Chevron highlighted many exploration achievements during the quarter, including two deepwater natural gas discoveries in Australia's Carnavon Basin, which will contribute to growth at its Gorgon and Wheatstone liquefied natural gas (LNG) projects.
Chevron also signed nonbinding heads of agreement with Korea Gas Corp. to receive 195 million metric tons of LNG from the Chevron-operated Wheatstone project and to acquire an equity share in the field licenses and LNG facilities.
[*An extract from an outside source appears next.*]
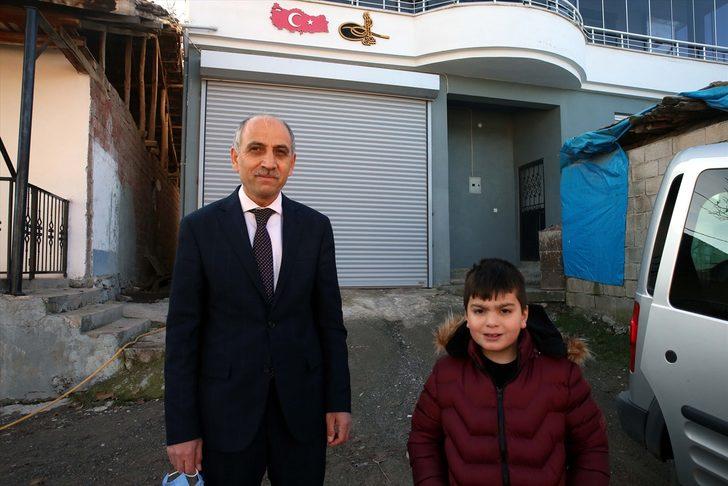 Minik Alperen okuluna İlçe Milli Eğitim Müdürü tarafından araçla götürülüyor G1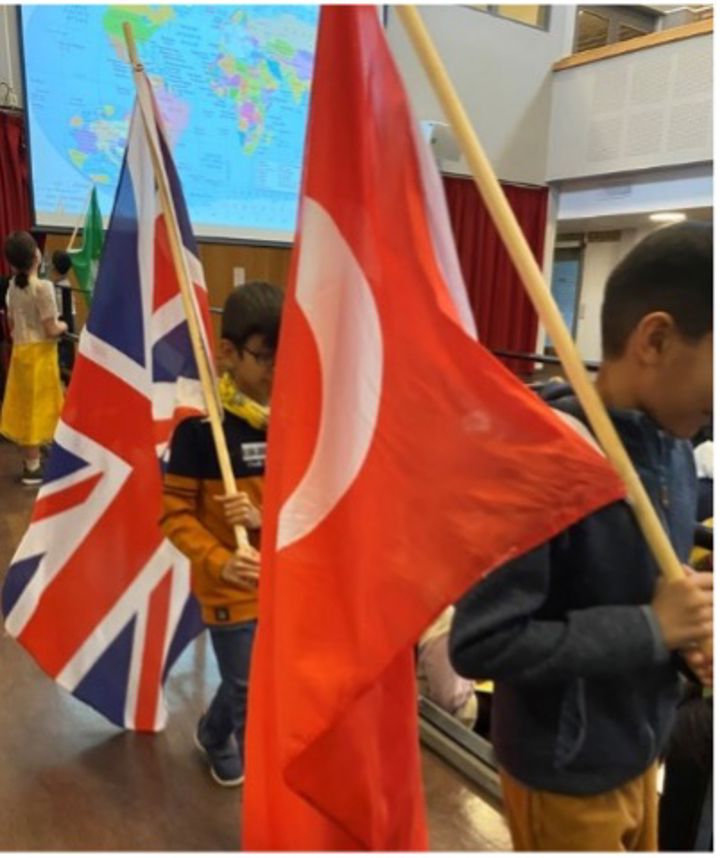 Foto: Manglerud skole En gruppe elever som holder flagg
The project is undergoing front-end engineering and design and has a planned capacity of 8.6 metric tons per year.
Meanwhile, Chevron and Exxon joined ConocoPhillips and Shell to develop a rapid-response system to capture and contain oil in the event of a future underwater well blowout in the deepwater Gulf of Mexico, the companies said on July 21.
The new system will be capable of mobilization within 24 hours and can be used on a wide range of well designs and equipment, oil and natural gas flow rates and weather conditions, the companies said. It will be engineered for use in deepwater depths up to 10,000 feet and have initial capacity to contain 100,000 barrels per day with potential for expansion.
The companies have committed $1 billion to fund the initial costs of the system. This system is being developed by a team of marine, subsea and construction engineers from the four companies.
It will include subsea containment equipment connected by manifolds, jumpers and risers to capture vessels that will store and offload the oil. Dedicated crews will ensure regular maintenance, inspection and readiness of the facilities and subsea equipment.
The four companies also said they have formed a nonprofit organization called the Marine Well Containment Company to operate and maintain this system.